As extreme weather in Brazil, political turmoil in Colombia, and pandemic-related shipping bottlenecks conspire to push the price of coffee beans up nearly 43% this year alone, small roasters are wondering how they will survive.
The Globe and Mail says an unprecedented combination of drought and extreme frosts has driven the price of Brazilian coffee beans to a whopping US$2.49/pound, up more than 40 cents from last year.
And then there was the political turmoil that rocked Colombia in April, leaving the world’s third-biggest coffee-exporting giant able to ship only a third of its usual monthly shipment in May.
Finally, shipping bottlenecks, especially out of large coffee producers like Vietnam, have led to steep increases in costs.
Thanks to their capacity to buy their supplies months in advance, morning joe giants like Starbucks and Nestlé have been well-insulated from at least this current spike in prices, reports the Globe and Mail. Not so your local micro-roastery.

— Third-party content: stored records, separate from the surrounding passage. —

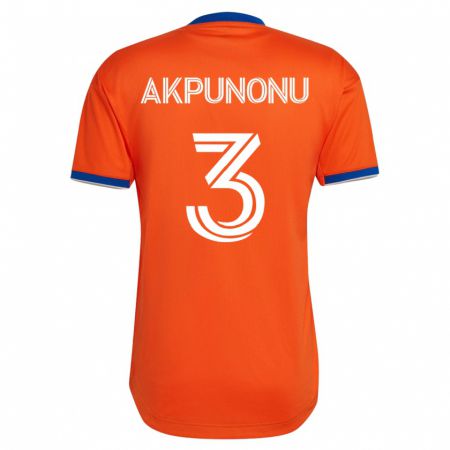 Kandiny Hombre Camiseta Joey Akpunonu #3 Blanco 2ª Equipación 2023/24 La Camisa Chile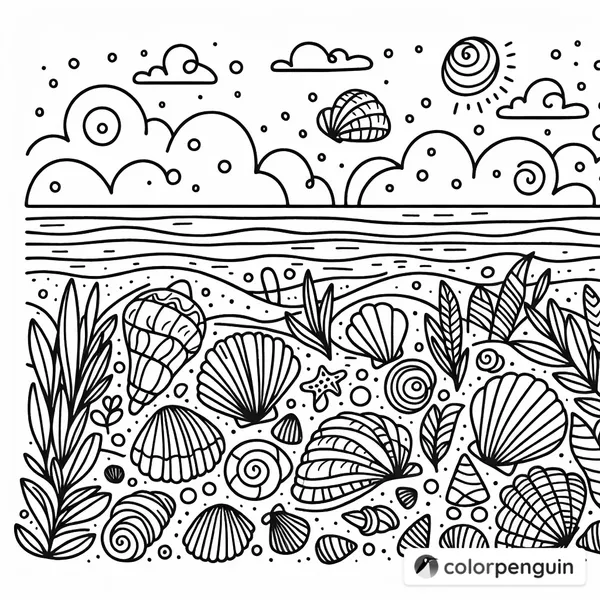 Beach Scene with Sea Shells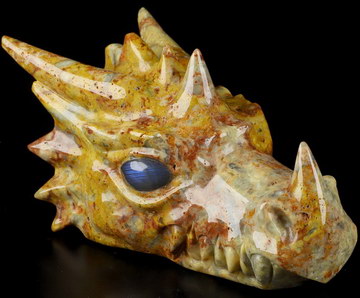 6.0" Crazy Lace Agate Carved Crystal Dragon Head Skull & Labradorite Eyes, Crystal Healing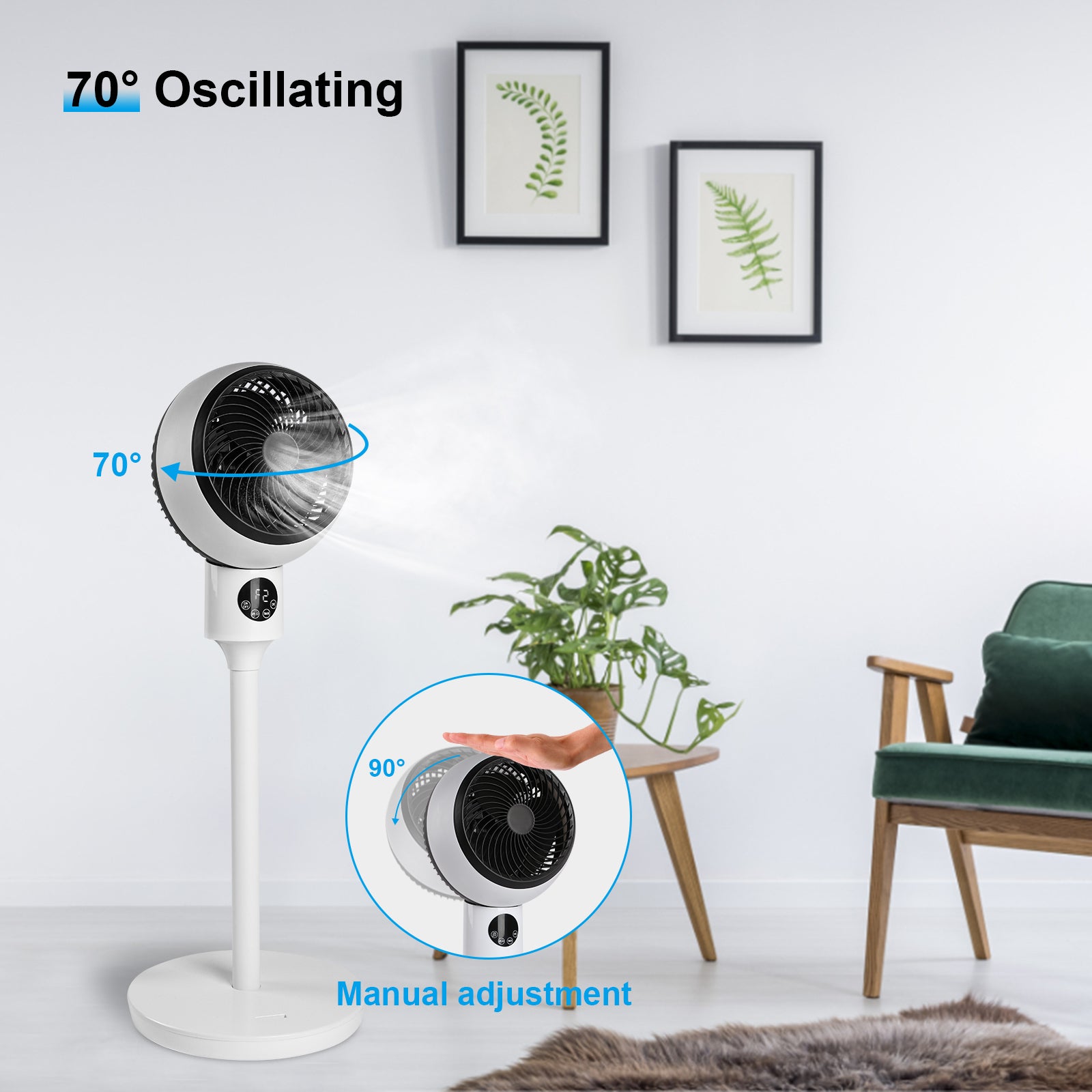 Circulating Stand Fan for Home Bedroom with Remote white-plastic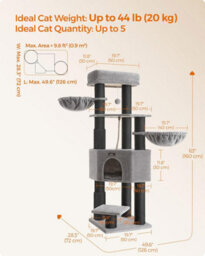 Songmics Cat Tower With 9 Sturdy Scratching Posts, Cozy Perch, Cave, Baskets, Self-Warming Pads, And Groomers, Dove Grey And Black - thumbnail 2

But Quincy Henry, co-owner of Campfire Coffee in Tacoma, Washington—which had barely opened when the pandemic arrived—said the cost hikes have him wondering how high a price increase his customers will absorb when they themselves are struggling with their own economic recovery.
What happens next in Brazil will largely determine the future price of your morning jolt, the Globe says. Growers will have to assess just how badly their coffee plants were damaged this year by the repeat blows of drought and frost. And, quite possibly, wildfire.

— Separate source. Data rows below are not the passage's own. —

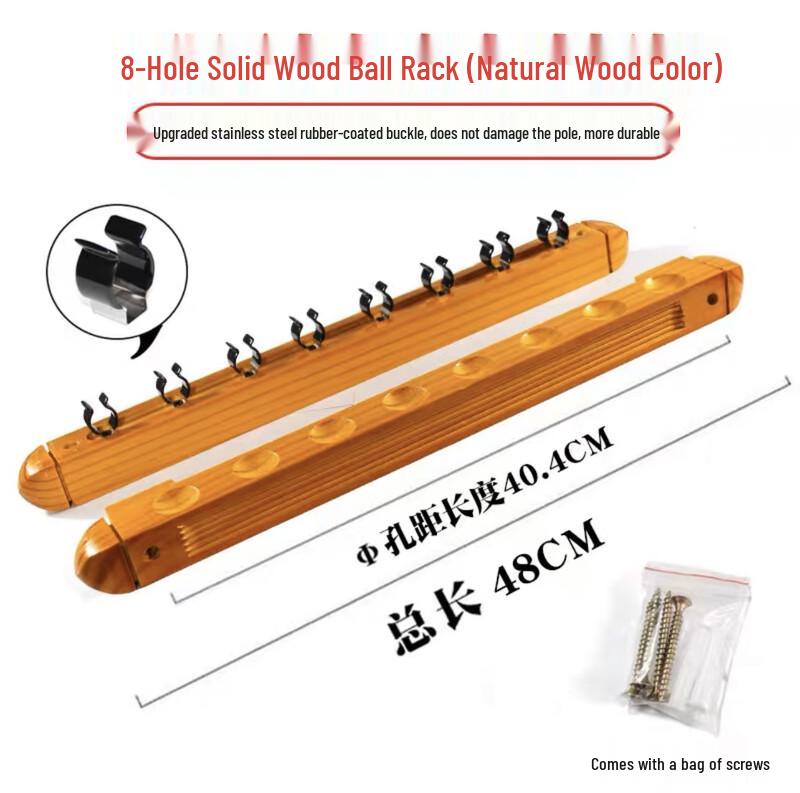 

Solid Wood 8-Cue Wall-Mounted Billiard Rack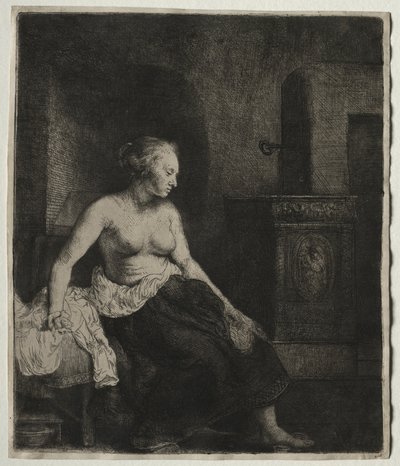 Frau sitzt halb angezogen neben einem Ofen, 1658 von Rembrandt van Rijn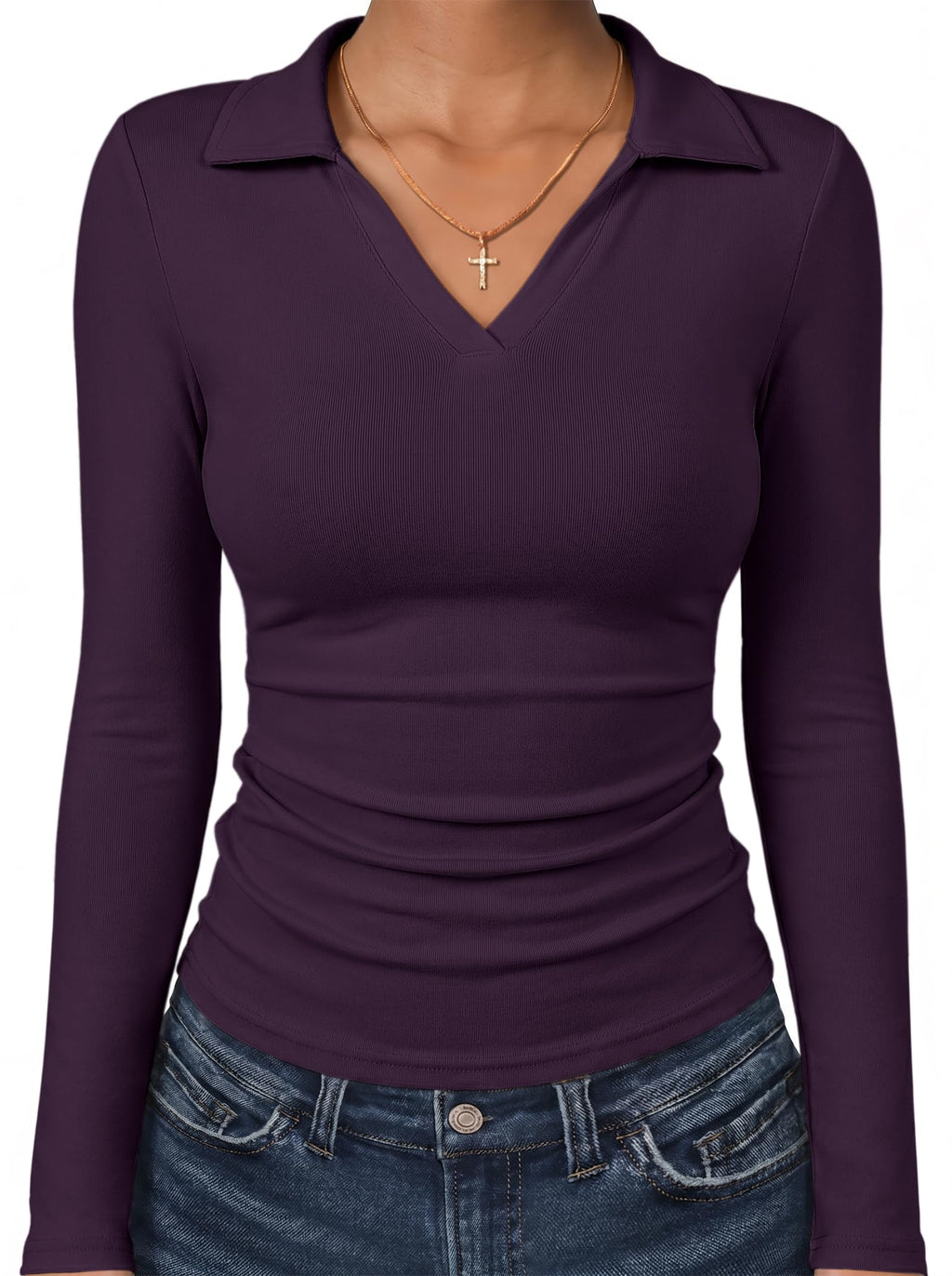 ANRABESS Womens Long Sleeve Fitted Polo Shirts Fall Business Casual Top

“If the damage is bad enough,” writes the Globe, “growers may have to ‘stump’ their trees, or cut them down to the base, which means it will be three years before the next harvest.” At best, the harvest “could be delayed a year” if farmers decide the damage is nothing a good pruning won’t fix.
Either way, anyone who wants to save their local roastery should be prepared to pony up a bit more cash for their cup.